**TASK GOAL**
Under this line sits a listing. Repeat exactly and only its lines from the one holding "5910 Val Verde Street, Houston, TX 77057" through the one holding "三菱 キャンター 2PG-FEB90(2WD)の写真13"; skip pictures.

**RECORD EXTRACTS**
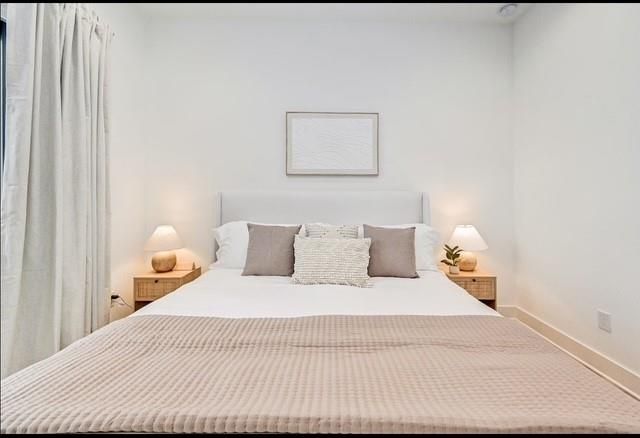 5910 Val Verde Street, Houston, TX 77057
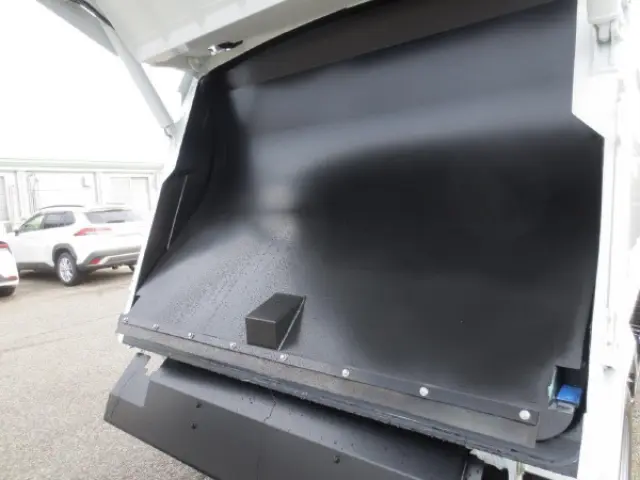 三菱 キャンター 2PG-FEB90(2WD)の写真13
* * *
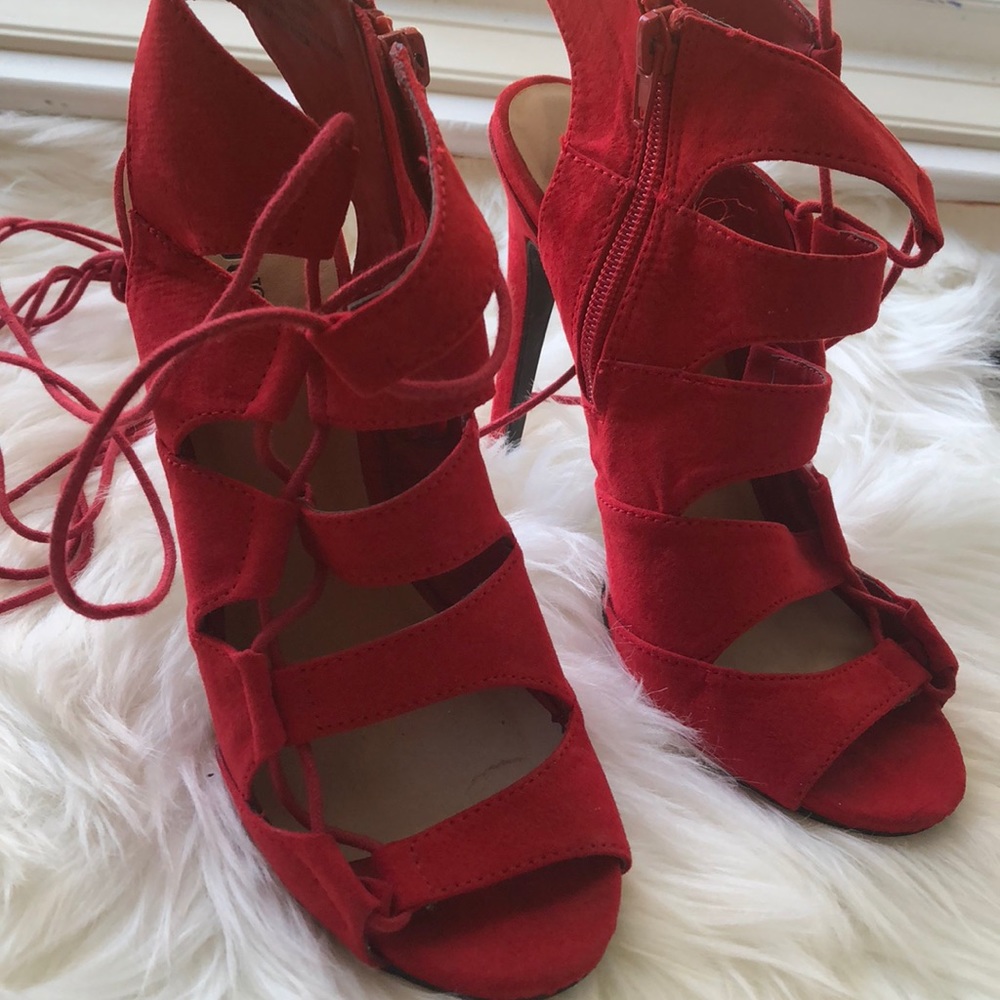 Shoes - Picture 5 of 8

**WORKED SOLUTION**
 5910 Val Verde Street, Houston, TX 77057
 三菱 キャンター 2PG-FEB90(2WD)の写真13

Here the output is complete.